When we gather around the meal table of the Roman church and hear “But they are justified freely by His grace through the redemption that is in Christ Jesus” (Romans 3:24), we are forced to hear Paul within the contextual realm of both Jews and Gentiles being encompassed by the covenant through the same means. They are justified in connection with Jesus, as God graciously expands the reach of His covenant---stretching out the curtains of the grand, covenant tent, as expressed so beautifully by Isaiah. Furthermore, Gentiles, without Judaizing (becoming Jews by adopting the covenant markers of Judaism – circumcision, Sabbath keeping, dietary restrictions), also experience the redemption that has long been cherished by Israel, which, when this term is employed by a member of Israel, is a reference to the experience of exodus-ing from out of a state of exile, with this exodus always being a movement that includes a journey towards, a return to, or a restoration of sovereignty in, a land of promise.
The redemption of exodus, which is tightly connected to the Red Sea and also symbolized by baptism (especially that of John the Baptist, as he was recognized to be leading a new exodus movement, recapitulating the entrance of the people into the promised land through baptism in the Jordan River, which was doubly symbolic, serving also as a reminder of the Red Sea crossing), was a defining portion of Israel’s story. Part of the story that Israel told about itself was that of the Egyptian exodus, and rightly so. It was a dramatic story of the intervention of the Creator God on their behalf, and is intimately tied to the story of their election as the special, covenant people of that Creator God. It is important to also note that Paul locates the story of Jesus in continuity with Israel’s history, and sees it as the climax of their story. Of course, we know that it is impossible to understand the story of Jesus, or to attach any significance to His ministry, death, or Resurrection, apart from its being set within the story of Israel and its covenant relationship with their God, as the story stretched back to Adam. That said, because Israel identified itself as an exodus people, who had experienced God’s redeeming activity on their behalf numerous times, the fact that Gentiles are now included in talk of those that experience redemption, with redemption being used by an Israelite and therefore carrying the freight of Israelite sensibilities, becomes yet another mark of their being adopted into the ranks of the people of God’s election. Gentiles are now free to attach themselves to Israel’s story and tell it as their own.

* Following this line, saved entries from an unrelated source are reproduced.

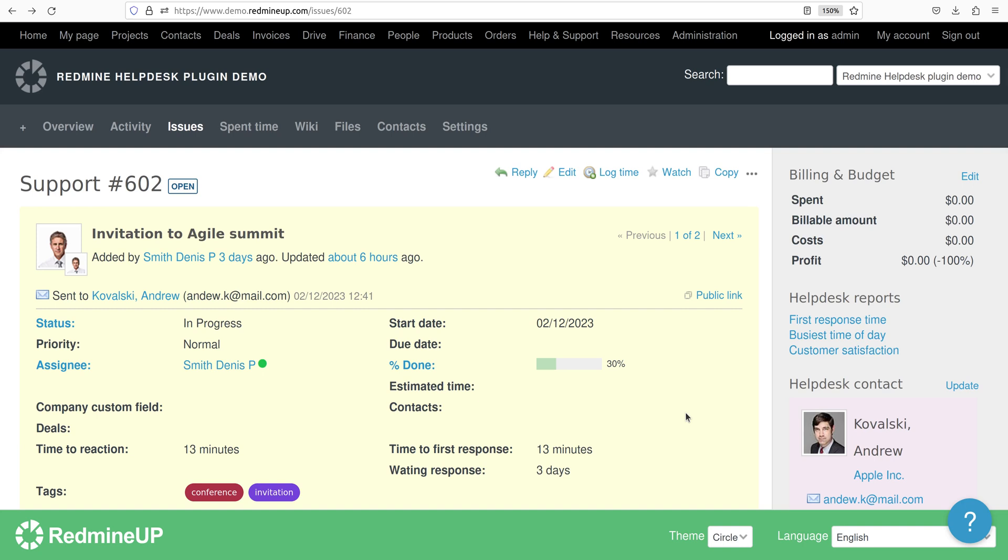Hello everyone, this is Dimitr from the RedmineUp support team. In today's video demonstration I'm going to show you the Clients Portal feature of the Helpdesk plugin.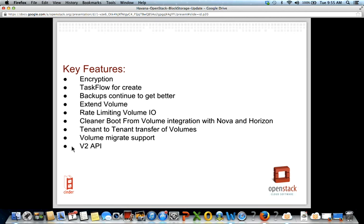The V2 API added a number of new features and cleaned up quite a few things in the code. If you haven't looked at it or aren't using it, I highly recommend taking a look. If you run into compatibility issues we haven't caught, let us know and we'll take care of it.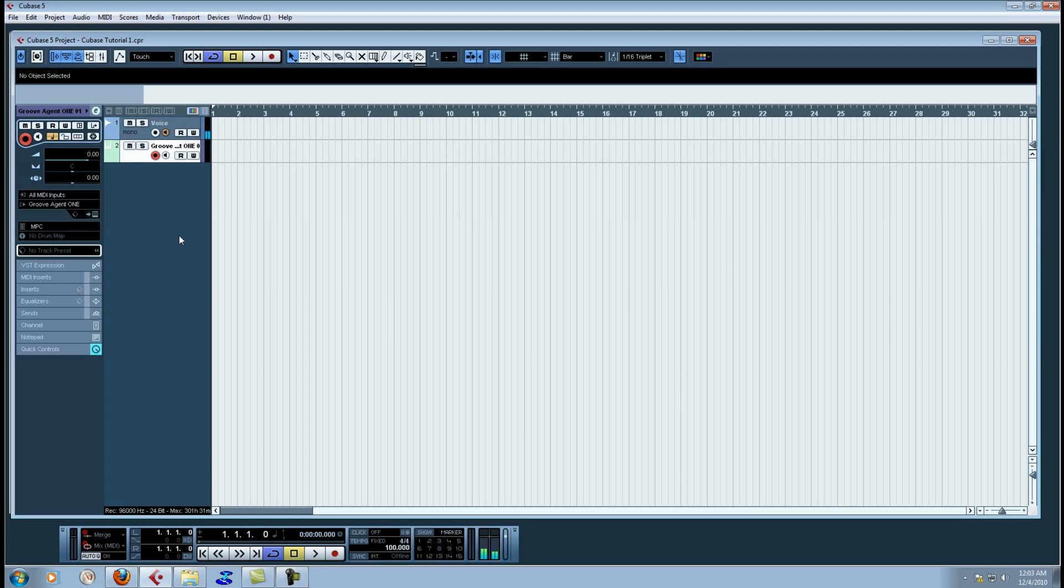I'm going to show you a tutorial today of how to take a sample, chop it up, and throw it on Groove Agent 1 to act as a virtual MPC. I'm going to show you the wrong way first, then I'm going to show you the right way.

When we detach verses twenty-three and twenty-four from out of their context, to read and hear Paul’s statements from within our individualistic, historically disconnected concern with a personal salvation experience, they sound nice, but we miss so very much. Truly, when we read “for all have sinned and fall short of the glory of God. But they are justified freely by His grace through the redemption that is in Christ Jesus,” we can take some comfort. Unfortunately, if we tear these words from their historical and cultural context, without allowing the history of Israel and its covenant to define them (instead, we define them based on our own conceptions, which might actually have no connection with Paul’s conceptions or those of his audience), we miss out on the full spectrum of meaning contained by “all,” “sin,” “glory,” “justified,” and “redemption.” Ultimately, we do ourselves a tremendous disservice when utilizing or proffering constructs such as the “Romans road to salvation,” as this tends to lead people away from the Gospel message of “Jesus is Lord,” with the range of kingdom and covenant concerns therein entailed, and toward a selfish concern with the eternal destiny and situation of one’s personal soul.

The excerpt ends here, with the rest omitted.